Having followed Brad Jones’ work online for years now with his amazing The Cinema Snob video series, where he acts like a stereotypical snob while covering bottom of the barrel trash cinema that I tend to gravitate towards, I’ve seen him include various other people, such as Ed Glaser who created this intriguing and hysterical series. Taking from such infamous serial editor/directors Godfrey Ho, who was famous for telling an actor he would be in a movie, have him perform and then said actor would see his mug in about 12 films spliced in whenever Ho needed a change of scenery. Many filmmakers have done this for years, be it with stock footage, such as Corman doing so many times (like the famous Corman castle shot which was included in dozens of films).

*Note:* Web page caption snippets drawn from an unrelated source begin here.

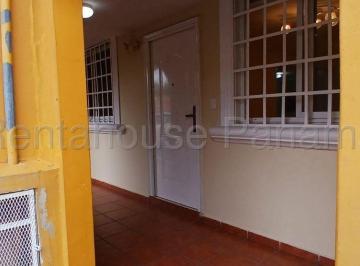 Apartamento de 2 habitaciones, Panamá · Vendo Apartamento en Juan Diaz Ka27 - 1745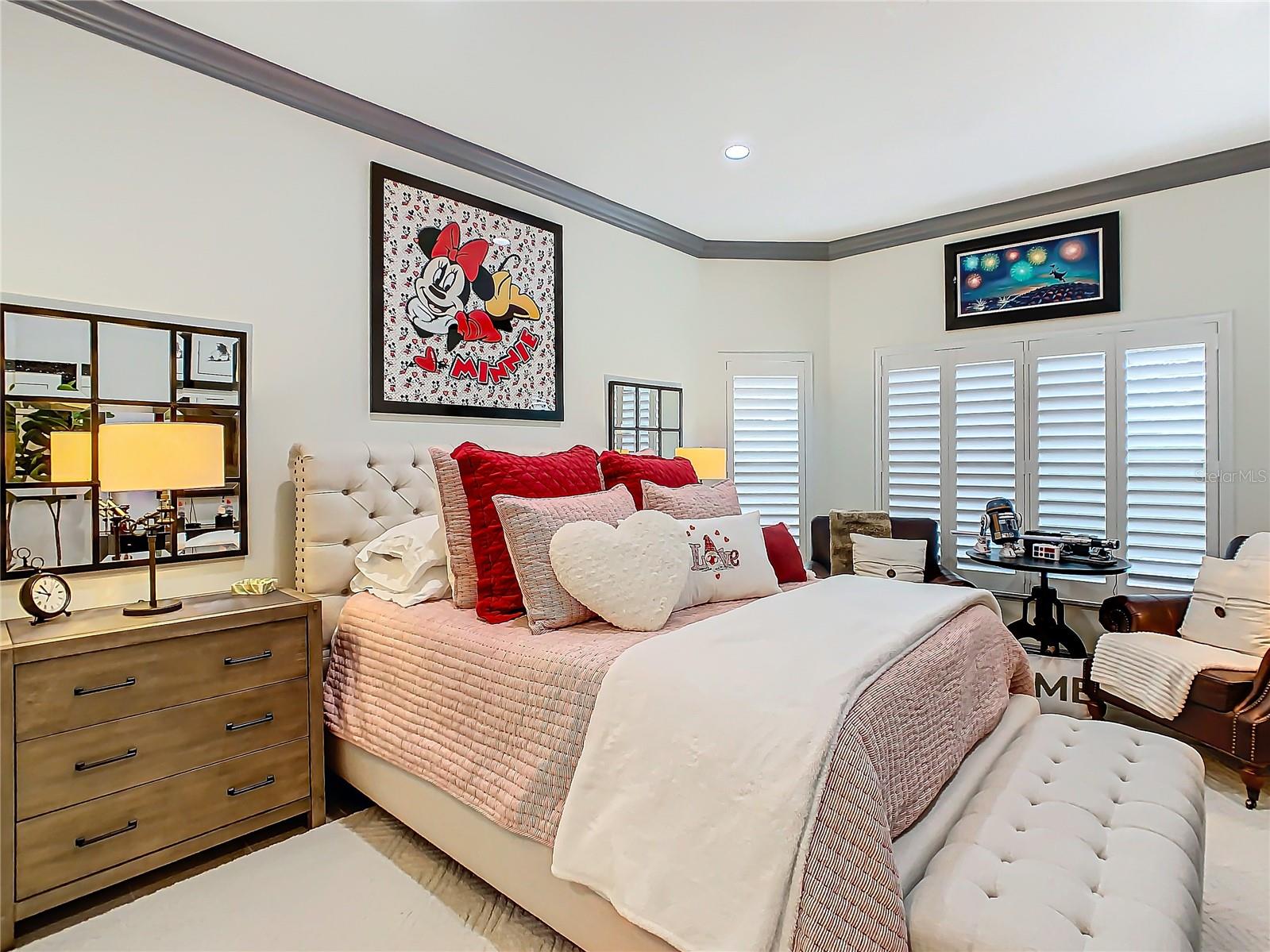 119 VERONA DR, KISSIMMEE, FL, 34759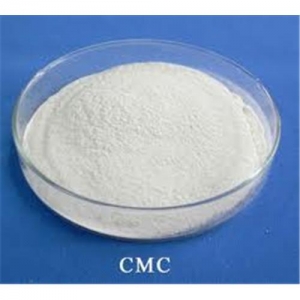 Carboxymethylcellulose Sodium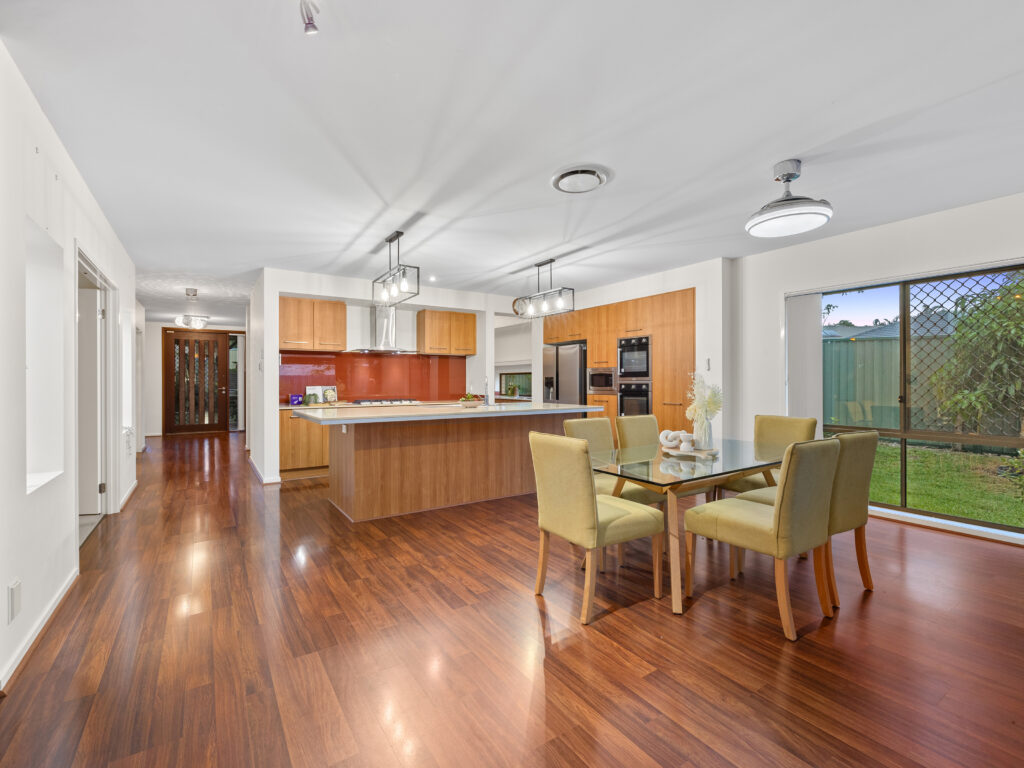 75 Sanctuary Drive, Forest Lake, QLD 4078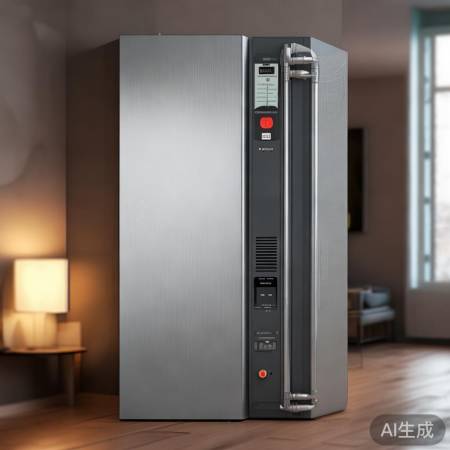 节能环保壁挂炉，选管尺寸宜适中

Gordon (Ed Glaser) is a highly trained agent of Interpol (who also happens to be a ninja) who must battle with evil ninja Bruce (Brad Jones) in getting all of the avian ninja warriors. Whoever gets all of these ninja rubber duckies will obtain the ultimate ninja power and rule the world. Throughout the series of short episodes (roughly between 12 to 15 minutes, due to it being a web series before this release), we see Gordon and his lovely wife Mrs. Gordon (Sarah Lewis) who is only there via VHS tapes made of her reacting to Gordon in the present, which is already strange enough. Throw in gladiators, mobsters, Orson Welles strangling someone over a knock knock joke, space exploration, cheese headed ninjas, huge pencil and scissor fights, badly dubbed/synched acting and everyone acting as over the top as possible, and you have more than 2 hours of meta comedic action.
Considering I’ve seen many of these Godfrey Ho butchered films where ninjas would be thrown in (always in uncharacteristic multi-colored uniforms) and having famous stars thrown in (and in this series, Glaser has taken such actors as Brandon Lee, Charles Bronson, Richard Harrison, Ernest Borgnine and even Orson Welles) to further side plots makes for a great journey to take part in. Done for laughs (instead of the usual laziness and greed reasons of yesteryear), Glaser and company have weaved together a wonderfully funny and otherworldly series that begs for repeat viewings to catch every reference you can.
But the question is; “Is Ninja The Mission Force worth your time and money? Well, first off I’d have to say I fell in love with it from the first episode when I viewed them online over at That Guy With the Glasses, so it’s a resounding yes in my opinion, even though you can view them for free online. I’d say check out an episode or two right here, and once you fall in love, you can buy it over at Dark Maze Studios. Not only do you get the complete series, but you get great commentary tracks with creators Ed Glaser and Meagan Rachelle and Glaser again with Brad Jones. You also get the exclusive Christmas special episode of Ninja The Mission Force, a First Look special of interviews with cast and crew and an interview with IFD actor Andy Chworowsky via the DVD-Rom segment, so I’d say it’s well worth your hard earned money.
Now I’m awaiting the sequel series they’ve announced with such anticipation, I’m sporting Gordon’s luxurious 80’s sex symbol mullet until it comes out. What can I say? I’m that much a fan of this series, which took something so bizarre a concept as the 70’s and 80’s boom of stretching out star power as much as possible and making a hilarious series from it. It also becomes fun with a group a friends if you can point out each movie these other scenes are from. Now to get my hands on The Cinema Snob film. Then my life will be complete.